Small stuff. The big deal is that Mint doesn’t work well with the integrated graphics on my EVGA NForce e-7150/630i Core 2 Quad motherboard. The default graphics drivers worked, but looked clunky and don’t support effects. Installing the recommended proprietary NVIDIA drivers produced weird graphics failures, including windows refusing to render once they’re over a certain size. (Some windows would not render at all, and simply remained blank and white even when first instantiated.) Using the supposedly experimental NVIDIA 173 drivers worked better, but still fails on certain apps, especially Stellarium, which worked exactly once and then comes up with a blank, black window every time. I’m not willing to give up Stellarium, so at this point Linux Mint is on hold while I wait for Mint 12 Lisa.
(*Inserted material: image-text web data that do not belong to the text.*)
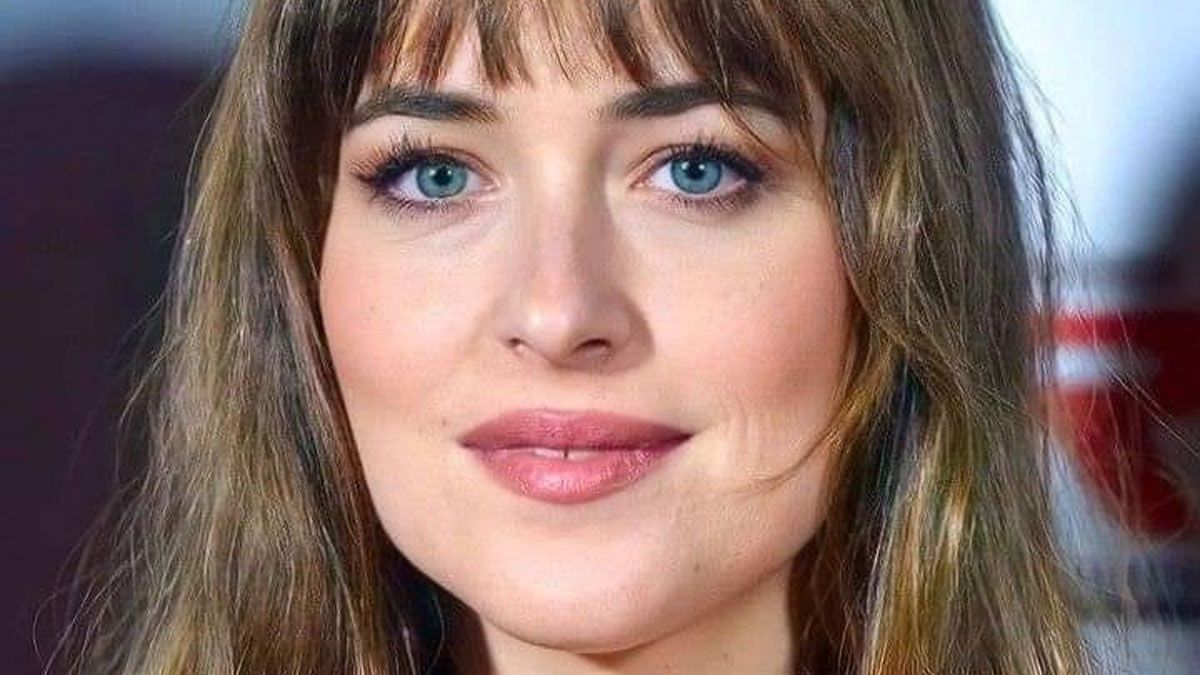 La actriz Dakota Johnson interpreta a Carrie en la película de Netflix.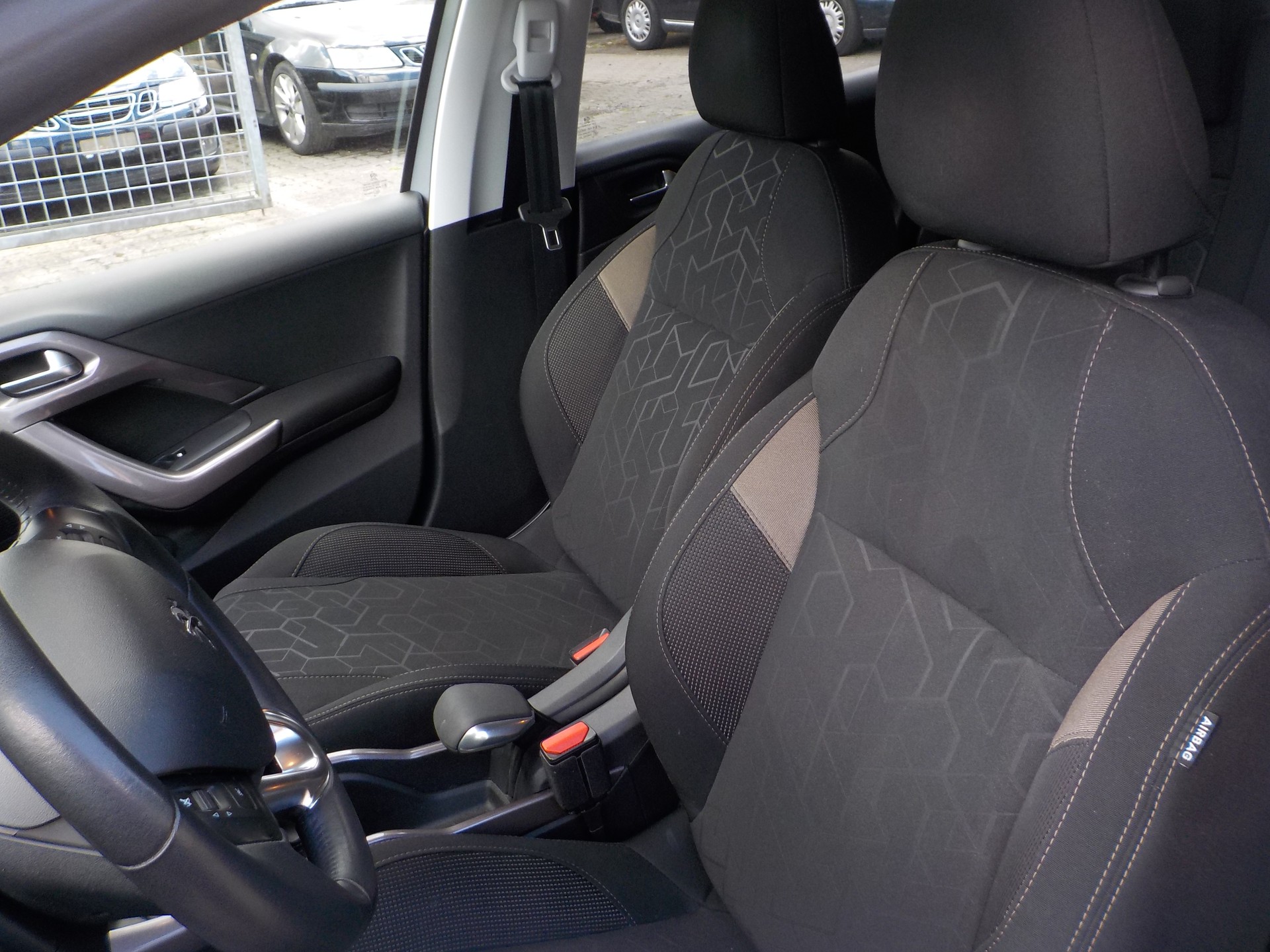 PEUGEOT 2008 1.2 VTI Style-image-8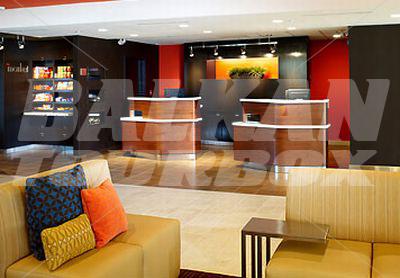 почивка в Courtyard by Marriott Louisville East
Linux Mint has supposedly become the 4th most popular OS on the planet. It’ll be interesting to see if that continues to be the case once they cut in the mandatory GNOME 3 upgrade. I’ll give GNOME 3 the same consideration I gave Unity, but I’m also looking closely at the Xfce UI and Xubuntu. It’s going to be an interesting year in the Linux world. I’m keeping all my old Linux installer .iso files, trust me.